Understanding the phenomenology of phase resetting is an essential step
toward developing a formalism for the analysis of circuits composed of
bursting neurons that receive multiple, and sometimes overlapping,
inputs. If we are to use phase-resetting methods to analyze these
circuits, we can either generate phase-resetting curves (PRCs) for all
possible inputs and combinations of inputs, or we can develop an
understanding of how to construct PRCs for arbitrary perturbations of a
given neuron. The latter strategy is the goal of this study.

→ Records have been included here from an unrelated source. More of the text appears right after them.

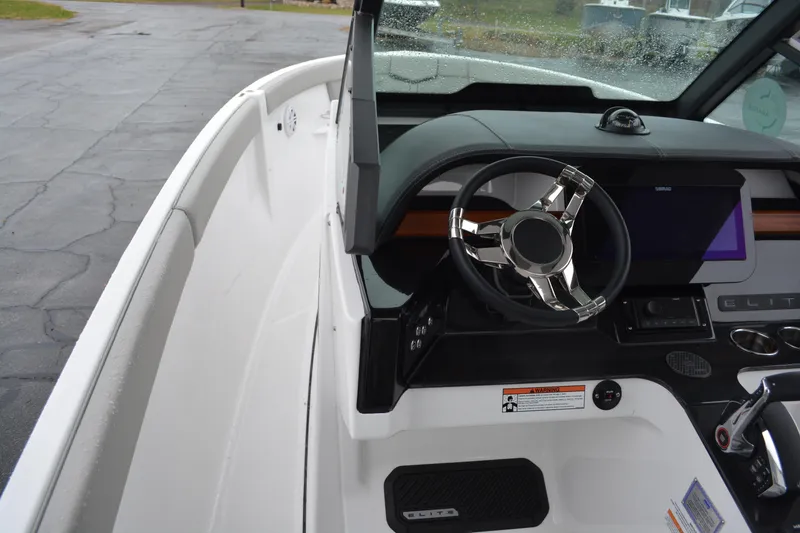 Slide: The Image of 2026 Monterey Elite 25 SD boat dashboard with steering wheel and control panel. - 12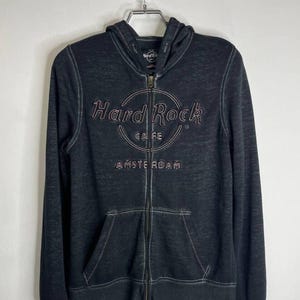 Könnte beinhalten: Ein schwarzer Kapuzenpullover mit Reißverschluss und dem Hard Rock Cafe-Logo in einem kreisförmigen Design. Das Logo und das Wort "AMSTERDAM" sind in einer helleren Farbe gestickt. Der Hoodie hat eine Vordertasche und hängt an einem Metallbügel.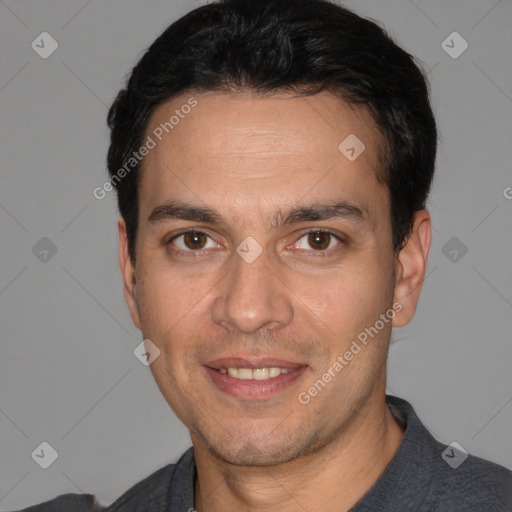 Joyful white adult male with short  black hair and brown eyes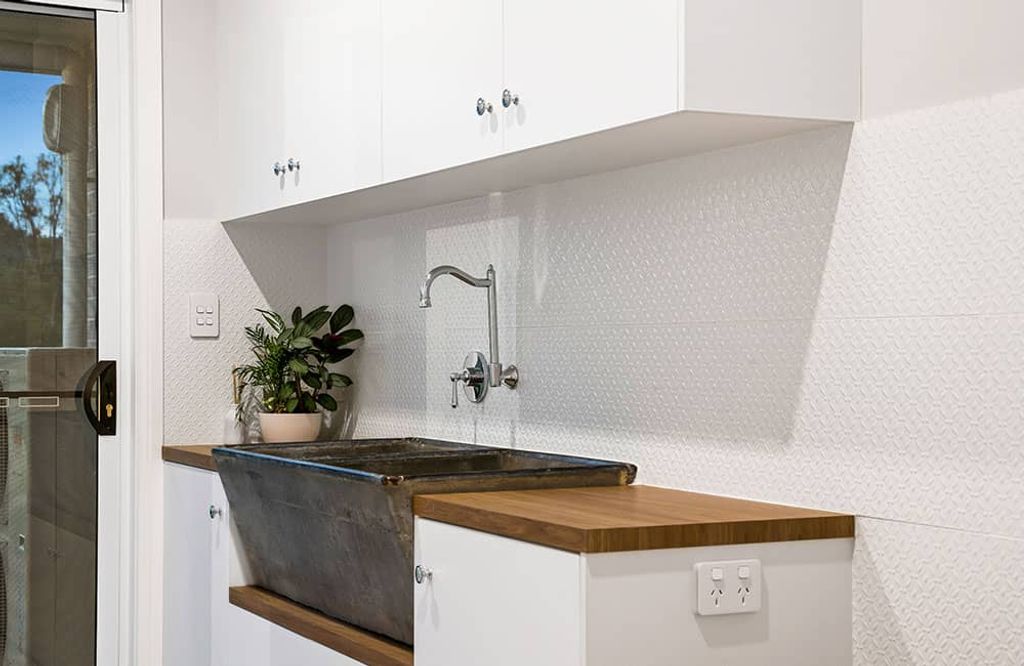 Project Flagstone (black sink and white cabinet)
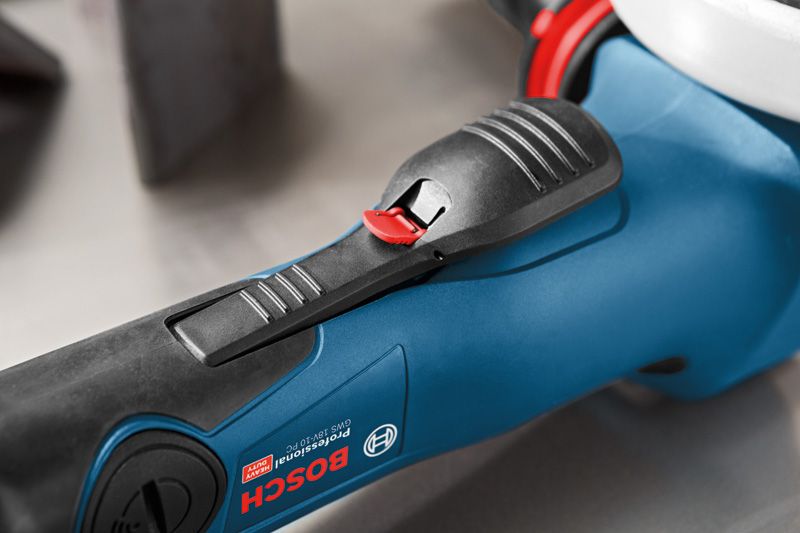 Close-up of a power tool handle with a textured black grip and red safety switch.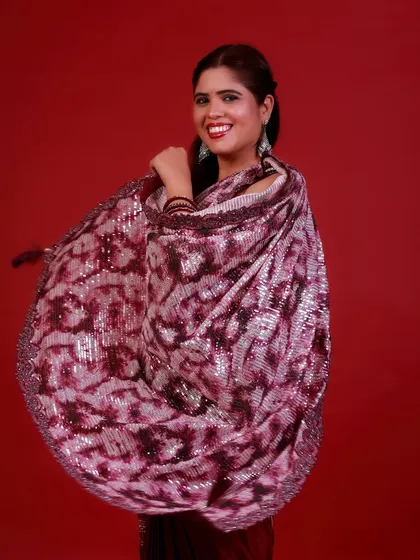 The swirl of a saree captured in motion. This shot is full of life and energy, showcasing the beautiful drape and sparkle of the fabric against the bold red.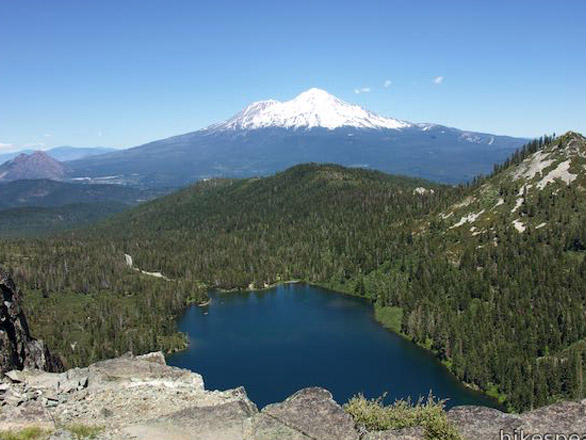Aerial shot of Castle Lake with snow covered Mount Shasta in the distance.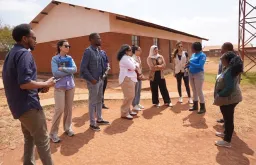 Zahra Vaziri (fourth from right), UN Volunteer Associate Programme Officer, during a field visit in Dzaleka Refugee Camp in Malawi.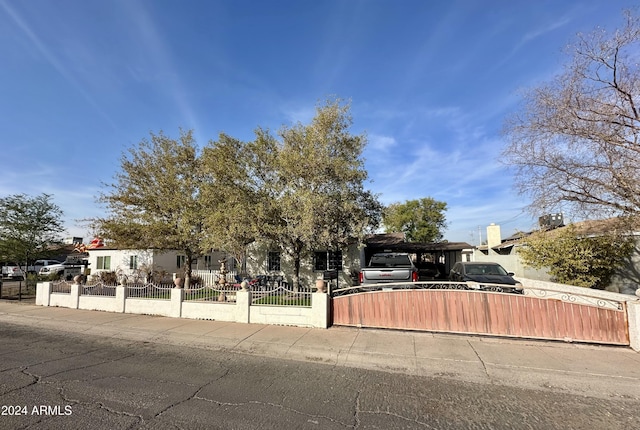 view of front facade with a carport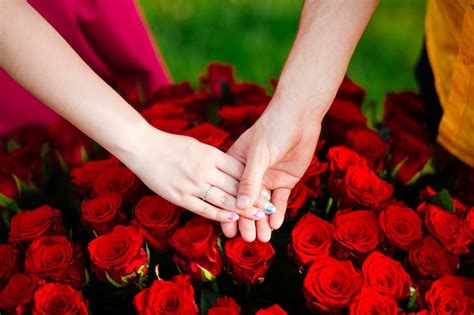 premium photo couple in love holding hands over a bouquet of red roses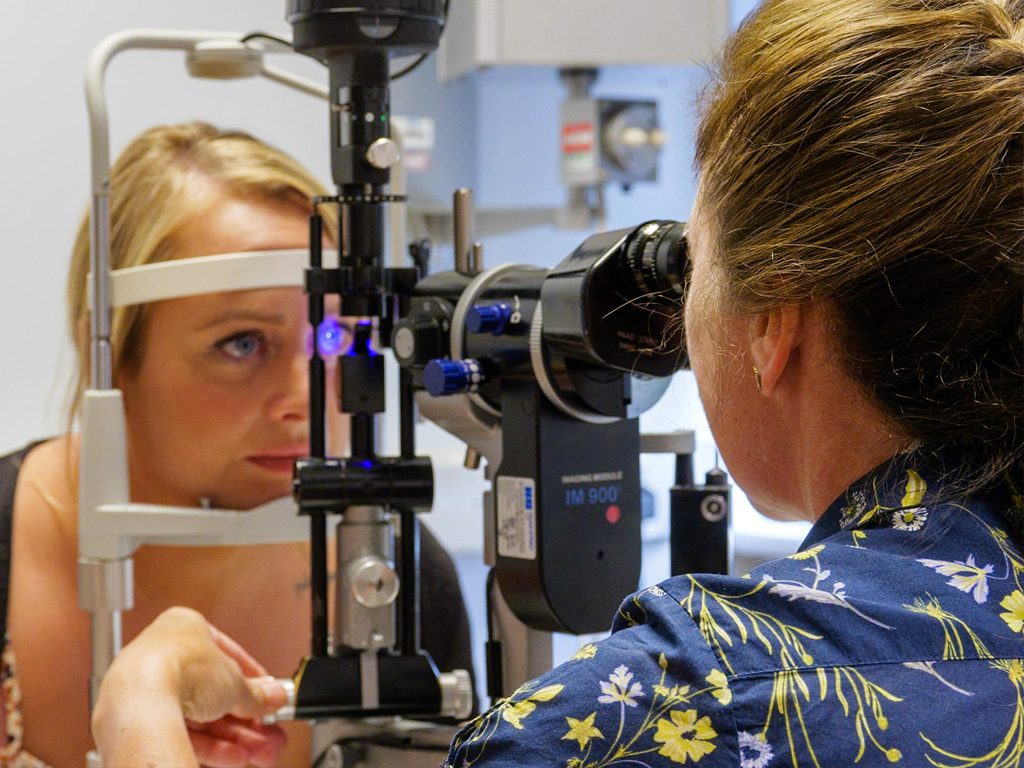 Photograph of a patient having an ophthalmology examination. Background in hospital setting.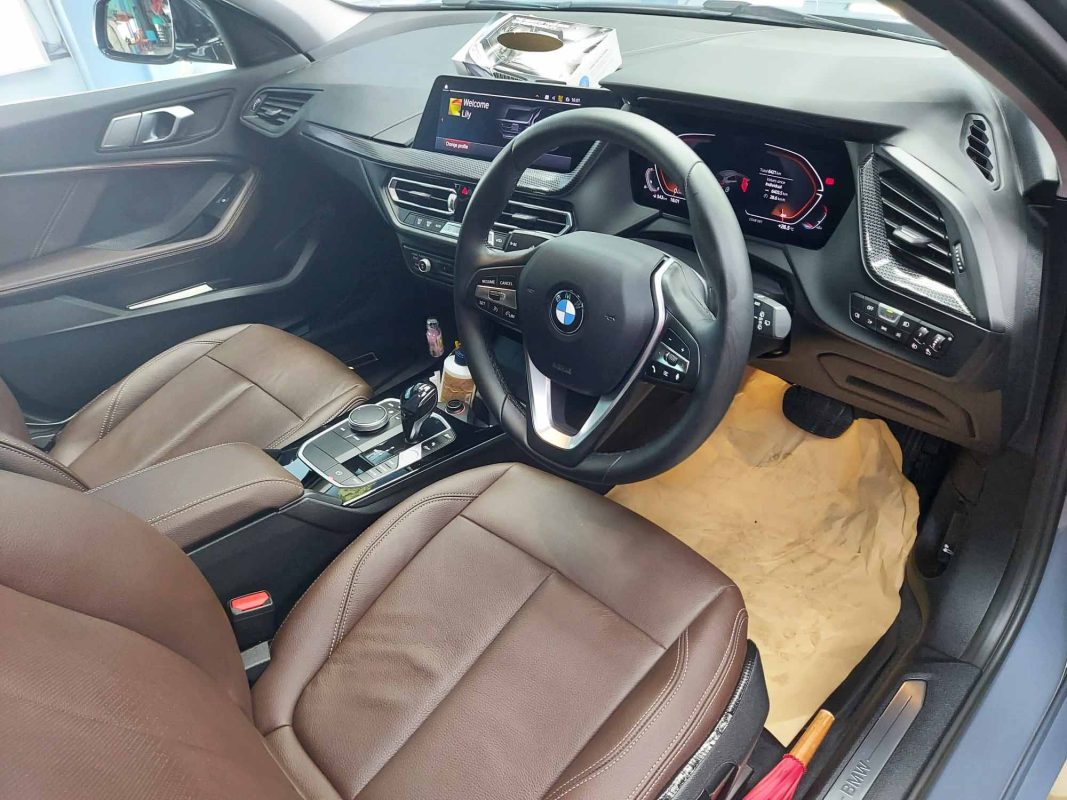 The BMW 116i parked in the workshop, freshly coated.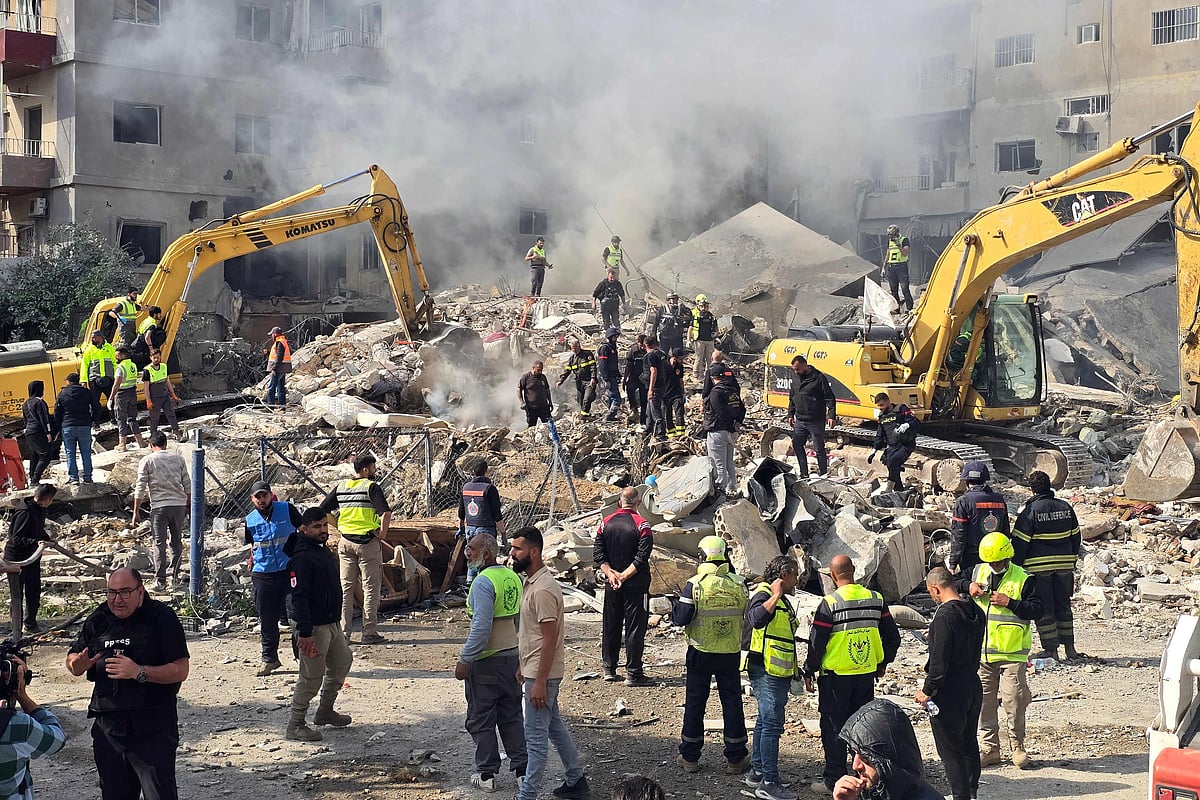 First responders rush to the site of an Israeli airstrike that targeted a building in southern Lebanese coastal city of Tyre on 8 April 2026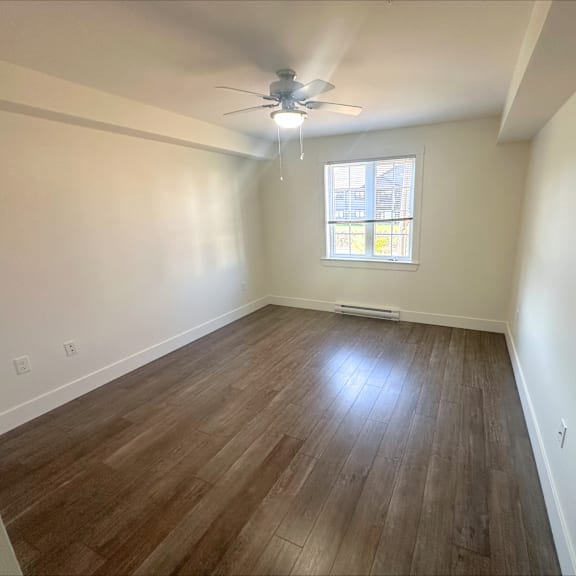 a room with a ceiling fan and a window.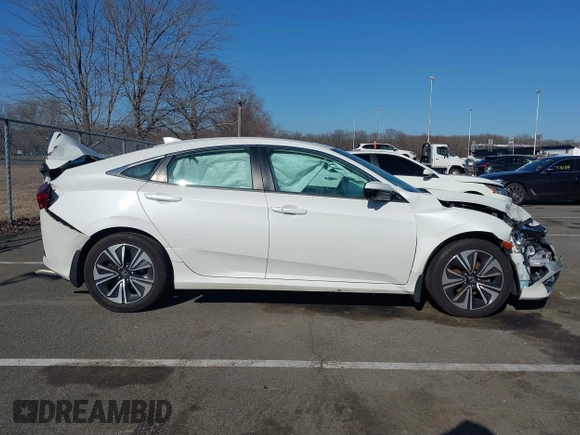 2017 Honda Civic Sedan EX-L with VIN 2HGFC1F70HH651956, listed as a IAAI auction lot 41754511 with 129,385 mi miles. Bid and sale history available at carsss.com. Image 13.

We present a geometrical derivation of phase resetting of neural limit
cycle oscillators in response to short current pulses. A geometrical
phase is defined as the distance traveled along the limit cycle in the
appropriate phase space. The perturbations in current are treated as
displacements in the direction corresponding to membrane voltage. We
show that for type I oscillators, the direction of a perturbation in
current is nearly tangent to the limit cycle; hence, the projection of
the displacement in voltage onto the limit cycle is sufficient to give
the geometrical phase resetting. In order to obtain the phase resetting
in terms of elapsed time or temporal phase, a mapping between
geometrical and temporal phase is obtained empirically and used to make
the conversion. This mapping is shown to be an invariant of the
dynamics. Perturbations in current applied to type II oscillators
produce significant normal displacements from the limit cycle, so the
difference in angular velocity at displaced points compared to the
angular velocity on the limit cycle must be taken into account.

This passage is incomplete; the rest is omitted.